Furthermore, the technology-heavy Nasdaq Composite Index (NASDAQINDEX:^IXIC) and the small-cap Russell 2000 Index have been very tightly correlated since the beginning of the week, particularly during the past two days. One of the high-profile growth stocks that underperformed today is Tesla Motors (NASDAQ: TSLA), which lost 2.6%. While Tesla's stock is already down by more than a fifth from its 52-week high, the price remains significantly above its intrinsic value (more on this below), which suggests that further declines could occur.
A possible catalyst for today's drop was the publication of a research note by Wedbush Securities, lowering its price target for the stock from $295 to $275 on the basis that:
We take a moderately more conservative position on evidence of rising risks for Tesla's Giga Factory with a noncommittal commentary from Panasonic and supply chain indications that materials asking prices are rising. [Note: the gigafactory -- Tesla Motors' own term -- refers to a planned battery manufacturing facility.]
Nevertheless, whether $295 or $275, these are breathtaking numbers as another, more interesting piece of research published this week demonstrates. I have referenced in the past the blog of Aswath Damodaran, who is a professor of finance at New York University and the guru on stock valuation. On Tuesday, he published his revised valuation of Tesla Motors. The good news for Tesla bulls is that his new estimate of Tesla's per-share value has risen by two-thirds compared to when he performed the same exercise in September. The bad news is that, at $112.50, it is barely more than half the current share price.

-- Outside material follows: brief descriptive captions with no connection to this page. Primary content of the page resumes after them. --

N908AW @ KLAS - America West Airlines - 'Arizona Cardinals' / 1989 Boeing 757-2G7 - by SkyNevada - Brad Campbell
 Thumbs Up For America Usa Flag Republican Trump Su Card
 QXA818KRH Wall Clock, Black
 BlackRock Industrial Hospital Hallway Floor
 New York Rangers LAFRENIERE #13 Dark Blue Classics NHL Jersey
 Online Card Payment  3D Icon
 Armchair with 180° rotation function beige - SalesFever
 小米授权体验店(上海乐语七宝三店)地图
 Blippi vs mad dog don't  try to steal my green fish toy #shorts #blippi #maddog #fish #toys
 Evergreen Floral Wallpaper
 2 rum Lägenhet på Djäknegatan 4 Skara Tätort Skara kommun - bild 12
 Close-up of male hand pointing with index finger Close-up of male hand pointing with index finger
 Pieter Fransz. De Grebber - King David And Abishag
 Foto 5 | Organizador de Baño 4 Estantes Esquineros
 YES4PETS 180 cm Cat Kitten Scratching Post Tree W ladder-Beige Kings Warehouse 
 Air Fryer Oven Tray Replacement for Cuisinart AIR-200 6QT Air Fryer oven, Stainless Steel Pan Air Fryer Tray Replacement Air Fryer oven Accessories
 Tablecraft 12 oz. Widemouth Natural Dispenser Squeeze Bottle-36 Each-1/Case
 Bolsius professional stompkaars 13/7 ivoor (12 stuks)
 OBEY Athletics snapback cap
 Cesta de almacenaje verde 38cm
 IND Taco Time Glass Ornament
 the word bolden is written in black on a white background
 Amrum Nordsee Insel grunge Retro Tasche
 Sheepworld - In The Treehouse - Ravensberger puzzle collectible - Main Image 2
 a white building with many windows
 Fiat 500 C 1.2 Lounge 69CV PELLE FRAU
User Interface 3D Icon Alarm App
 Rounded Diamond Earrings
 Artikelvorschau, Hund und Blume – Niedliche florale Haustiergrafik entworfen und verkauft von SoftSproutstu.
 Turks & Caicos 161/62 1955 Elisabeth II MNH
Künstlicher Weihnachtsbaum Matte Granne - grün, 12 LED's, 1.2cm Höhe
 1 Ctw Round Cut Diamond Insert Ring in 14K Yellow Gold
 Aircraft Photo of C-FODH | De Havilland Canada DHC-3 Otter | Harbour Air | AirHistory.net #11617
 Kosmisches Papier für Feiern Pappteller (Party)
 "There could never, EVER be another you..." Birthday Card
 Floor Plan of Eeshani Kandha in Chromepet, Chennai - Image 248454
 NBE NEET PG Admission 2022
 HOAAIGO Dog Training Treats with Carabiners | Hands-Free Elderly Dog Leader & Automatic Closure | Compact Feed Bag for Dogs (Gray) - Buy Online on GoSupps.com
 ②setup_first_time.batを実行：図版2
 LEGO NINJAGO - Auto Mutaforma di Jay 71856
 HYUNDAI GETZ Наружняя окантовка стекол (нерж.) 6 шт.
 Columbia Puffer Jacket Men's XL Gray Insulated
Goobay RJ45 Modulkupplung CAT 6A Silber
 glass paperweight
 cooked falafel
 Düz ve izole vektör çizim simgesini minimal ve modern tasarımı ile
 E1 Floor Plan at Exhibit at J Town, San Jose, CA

If you own shares of Tesla Motors or are considering owning them, I cannot urge you strongly enough to read Professor Damodaran's blog post in its entirety (as well as the discussion in the comments section, in which he participates.) Not only does Professor Damodaran present and discuss his assumptions, but he also provides links to his valuation spreadsheets so that investors can perform their own analyses.
Finally, the post contains some broader thoughts on the nature of investing that are filled with wisdom. Prof. Damodaran is a value investor, at least insofar as "investment philosophy is built on the foundation that you should buy an asset only if trades at a price less than your estimated value for that asset." As such, he "cannot justify buying Tesla at the current price;" however, he allows that people may follow other approaches:
Your philosophy on investing may be different from mine, and probably better (or at least more lucrative). If you are a Tesla stockholder, though, I hope that you are one for the right reasons. That would include being a trader (whose focus is price, not value), buying into the disruption model or investing on the expectation of an acquisition, but it would not include investing because others have been making money on the stock, equity research analysts are bullish or just because you love the company, its products or its CEO.
In other words, the only rational, purely fundamental reason for buying the stock is believing in the disruption model (read the post to understand what this means.) There is nothing wrong with that per se, but it looks like a very long odds bet to me.